Monday, 23 November 2009

Warren Buffett's Midas touch

The decisions that have made Buffett the second wealthiest man in the world have included investments in Coca-Cola, American Express, Gillette, The Washington Post and Wells Fargo, plus some major acquisitions in the fields of insurance, house building and building materials, clothing and furniture.  During 2003 Buffett, contrary to some market expectations, engaged in currency speculation against the dollar.  By the end of the year his company held some $12 billion in foreign currency.

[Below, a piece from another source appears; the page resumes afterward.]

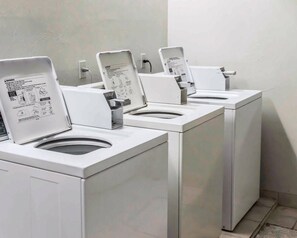 Een rij witte, moderne, wandgemonteerde toiletten met instructies op de voorzijde.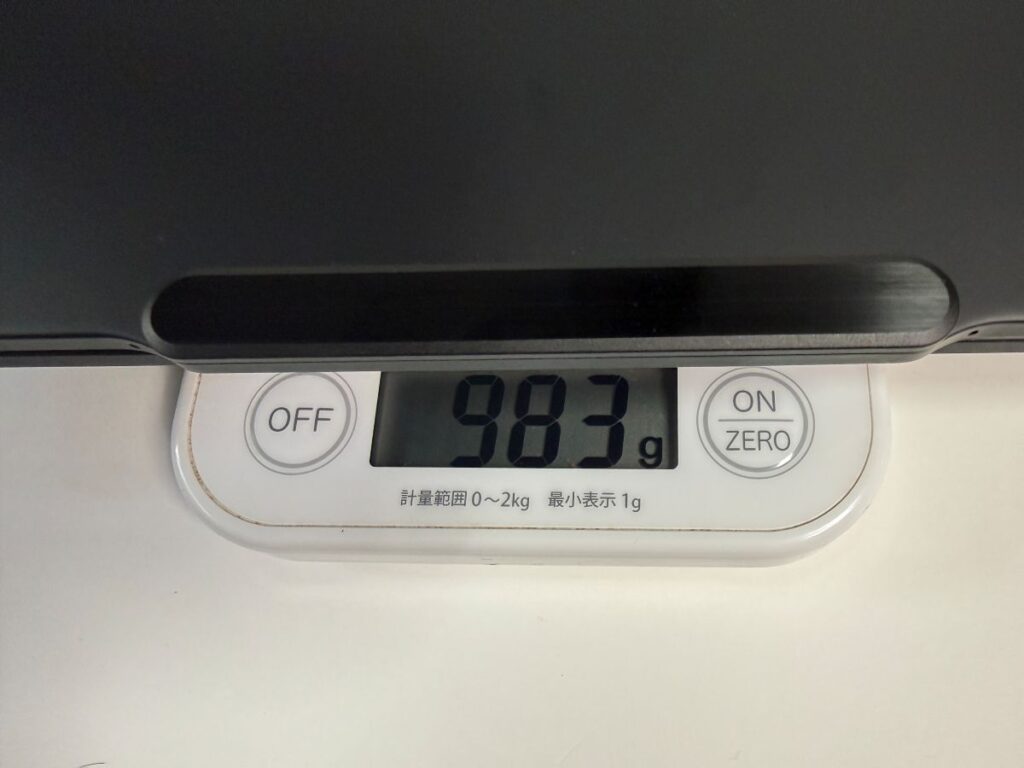 ThinkPad X1 Carbon Gen 13 本体重量 約983g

Buffett's success is founded on information.  When, during the 1990s, undervalued stocks were becoming more difficult to find, Buffett turned his attention to corporate acquisitions.  His next field of operation, in 2002, was junk bonds - until prices rose.  The subsequent foreign currency operation built on the US trade deficit when foreign investors were flooded with dollars.

Buffett takes a long-term view and typically shuns debt.  During the dot-com boom he preferred to steer clear of high-tech stocks, his attitude appearing old-fashioned to many.  In the event, his preference for more traditional and easily understood firms and products bore fruit.  He had correctly gauged the low probability of dotcom stocks rising.  He likes to ask 'discomforting questions' to avoid biased decision making.

Buffett also understands the need to avoid fatal downsides.  He has said that he has 'never believed in risking what my family and friends have and need in order to pursue what they don't have and don't need'.